Pomeroy was quick to call Berg’s proposal “a stunningly bad idea,” so it’s no surprise the Democrat is out this week with a new 30-second attack ad, condemning Berg for his statements.
Pomeroy’s ad shows the scenic and iconic backdrop of Teddy Roosevelt National Park, and the view pulls back to reveal what it might look like if pumps extracted oil within the park.
“Rick Berg may be too afraid to explain himself to voters, but they deserve to know what he’d do if he were elected to Congress,” Pomeroy spokesman Brenden Timpe said in a campaign statement about the latest ad.
But while the ad is certainly effective for its extremity, it’s that same extremity that makes the ad misleading and, at points, false. Here’s why:
Ad claim #1: “Theodore Roosevelt National Park is great for families. But Rick Berg says he wants to drill in our state’s national park. (Source: Grand Forks Herald, 9/9/10)”
FACT CHECK — Yes, Berg has proposed the possibility of drilling in the national park, but it’s not as simple as that. Specifically, Berg said he would support drilling underneath the park, and that he would first seek to make use of other federal lands that are readily accessible, since drilling in national parks is currently prohibited. Pomeroy’s ad cites my original Forum report that the Herald also published on Thursday through Forum Communications’ content-sharing program. That story made clear these specific points of Berg’s proposal, which the ad neglects to mention.
Ad claim #2: “Now that both parties oppose Berg’s bad idea, he tries to deny it. But it’s here in black and white: ‘Berg would include national parks – and specifically Theodore Roosevelt National Park.’ (Source: Fargo Forum, 9/9/10)”
FACT CHECK — The first part of this claim makes reference to a statement last week by Republican Senate candidate and North Dakota Gov. John Hoeven who said he doesn’t support drilling in national parks. However, Berg is not denying what he said. As I discussed in a post yesterday, though, Berg is evolving his pitch to emphasize that he doesn’t want to damage the natural beauty of national parks through his plan.
Ad claim #3: “Berg said months ago that he wants to drill in national parks. (Source: Bismarck Tribune, 9/11/10) The more you drill into Berg’s 26 year record, the more questions you find.”
FACT CHECK — This claim cites a recent Bismarck Tribune column, which says Berg discussed “the very same idea five months ago.” Herein lies the problem with this ad claim: “the very same idea” Berg discussed then was his proposal to fund Social Security – not the controversial aspect that his plan could impact national parks:
Fargo Rep.

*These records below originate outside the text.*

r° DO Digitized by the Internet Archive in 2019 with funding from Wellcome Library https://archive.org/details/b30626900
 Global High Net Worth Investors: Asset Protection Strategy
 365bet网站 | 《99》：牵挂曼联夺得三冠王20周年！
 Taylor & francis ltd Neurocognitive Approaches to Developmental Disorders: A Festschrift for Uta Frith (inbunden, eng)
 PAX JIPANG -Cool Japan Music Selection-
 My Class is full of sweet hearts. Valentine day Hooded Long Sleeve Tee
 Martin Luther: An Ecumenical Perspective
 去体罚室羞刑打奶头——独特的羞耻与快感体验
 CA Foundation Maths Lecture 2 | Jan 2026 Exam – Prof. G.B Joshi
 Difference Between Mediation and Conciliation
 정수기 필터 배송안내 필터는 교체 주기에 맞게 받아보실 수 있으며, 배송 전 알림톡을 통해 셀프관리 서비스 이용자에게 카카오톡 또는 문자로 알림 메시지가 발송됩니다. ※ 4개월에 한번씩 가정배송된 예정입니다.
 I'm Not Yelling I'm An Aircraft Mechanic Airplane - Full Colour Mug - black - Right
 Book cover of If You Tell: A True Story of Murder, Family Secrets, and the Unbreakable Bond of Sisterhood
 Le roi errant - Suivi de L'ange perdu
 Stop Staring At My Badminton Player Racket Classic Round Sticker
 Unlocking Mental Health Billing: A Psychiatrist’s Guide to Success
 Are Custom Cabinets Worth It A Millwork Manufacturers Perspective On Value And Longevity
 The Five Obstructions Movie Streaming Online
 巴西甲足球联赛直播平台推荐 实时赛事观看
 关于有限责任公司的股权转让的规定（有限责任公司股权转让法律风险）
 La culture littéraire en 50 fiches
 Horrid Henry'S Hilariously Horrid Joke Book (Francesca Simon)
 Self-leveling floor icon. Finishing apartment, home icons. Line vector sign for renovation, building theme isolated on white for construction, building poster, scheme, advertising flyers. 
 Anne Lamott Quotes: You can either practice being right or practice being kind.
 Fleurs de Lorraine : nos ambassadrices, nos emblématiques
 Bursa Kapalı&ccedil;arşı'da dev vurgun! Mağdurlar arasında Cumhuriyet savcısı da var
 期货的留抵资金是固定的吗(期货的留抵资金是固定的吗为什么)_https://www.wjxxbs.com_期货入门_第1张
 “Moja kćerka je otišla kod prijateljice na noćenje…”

Rick Berg is running against Pomeroy for his congressional seat.
Berg said he wants to maintain the promise of the program for future generations but sees the solution to Social Security resting in other areas.
“We need more jobs — then we’ll have more people paying into Social Security and that will help make it solvent,” said Berg.
He said that allowing oil companies to drill on federal land would open the option of putting the royalties of the process into the program.
That “national parks” detail of Berg’s proposal was unknown until last week when The Forum editorial board asked him directly if national parks would be part of his plan. Berg’s policy proposal has been around for several months but this particular facet of it has only been around for a week – That distinction makes this Pomeroy ad claim false.
While Pomeroy’s ad accurately sources recent media reports, it takes them out of context by twisting Berg’s proposal and failing to mention relevant information that viewers need to know to understand the whole situation.
The ad isn’t entirely false, but there’s enough misleading details and half-truths that voters should be wary and take this particular ad with a grain of salt.